Of a sampling of 2,337,828 clinical data collected over the last twenty days, only 841,618 (36%) of the data was labeled by patients, which proves that most patients do not like to provide feedback. From the labeled data, only 720 instances, 1712 instances, and 8737 instances were labeled very unsatisfied, unsatisfied, and neutral respectively. The unbalanced data challenges the model. To alleviate the issue of unbalanced data and collect more instances of “very unsatisfied,” we chose sample training data from Platform X’s database. As previously mentioned, we have a long-term association with Platform X. It takes approximately two hours to access the entire database. Data collected is valid for about 18 months. After that, the same number of instances from each category are sampled. After filtering the data, (removing consultations with a length of less than 10 words), we have approximately 112,485 instances to use as experimental datasets. Each category contains approximately 22,497 samples which are randomly split into five sections with four sections serving as the training sets and the remaining one as the test set.

Baseline Methods

To better reflect the effectiveness of the proposed model with the above metrics, the following baseline methods will be compared with our model. These methods are popular and representative in OR fields. To solve the high dimensional data efficiently, the following models all use the linear kernel. The DCD algorithm is adopted to solve the following models. These are implemented by modifying the open source package LIBLINEAR [36] directly and all the codes related to the experiment are uploaded to a Github website. The following methods were used to compare with our model.

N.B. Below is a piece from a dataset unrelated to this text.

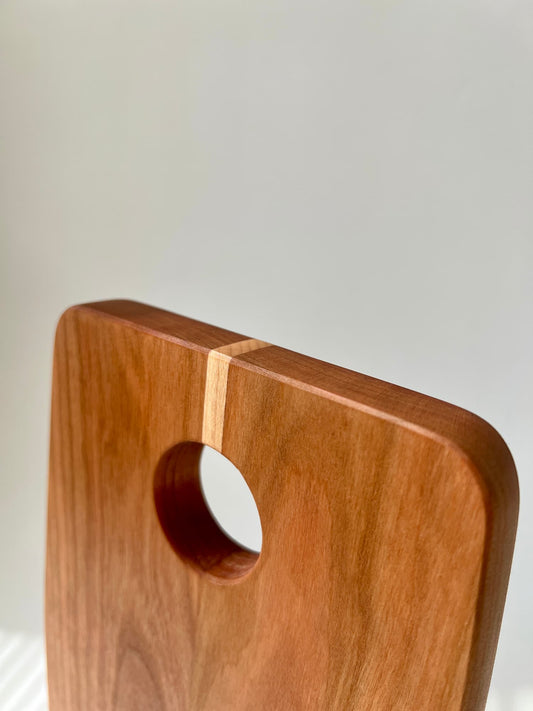 Handgjord charkbräda i körsbär – en stilren uppläggningsbricka för ost och delikatesser, perfekt som bröllopsgåva eller present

  1. SVC [14]: Support vector classification with one versus the rest. This model belongs to the naive approach.
  2. SVR [37]: Support vector regression. The ordinal labels are treated as continuous values. When predicting new instances, the predictions for test instances are rounded to the nearest ordinal label and the model belongs to the naive approach.
  3. LR [38]: Logistic regression one versus the rest. This model belongs to the naive approach.
  4. SVOR [10]: Support vector ordinal regression. This model aims to optimize multiple thresholds to define parallel discriminant hyperplanes. The SVOR model is used with implicit constraints and belongs to the threshold approach.
  5. RedSVM [39]: Reduction support vector machine. A threshold approach and it is a reduction framework from ordinal ranking to weighted binary classification by extending examples.

Evaluation Performance

First, we compare the performance of five different baselines with our SVMOP model using different sets of features, including (1) text features (T), (2) text and customized features (T+C), and (3) text, customized, and boosted features (T+C+B). Three metrics, (ie, MAE, MSE, and PAcc) are used to evaluate model performance. Table 3 shows the results of the experiment. The best performance for each metric is represented by the footnote “k” while the best “one of” feature sets is represented by the footnote “e.” In Table 3, the SVMOP model outperforms other baselines on MAE, MSE and PAcc with each type of feature sets, demonstrating the effectiveness of our model. On different set of features, all models achieved better performance with feature set T+C and feature set T+C+B. Furthermore, compared with feature set T+C+B, feature set T+C attained more improvement. In other words, using customized features are important for performance improvement

Figure 3. An example of consultation letters on Platform X. The left subfigure is the real consultation on Platform X by mobile software applications but without sensitive information such as doctors’ photos. The right one is the version in English.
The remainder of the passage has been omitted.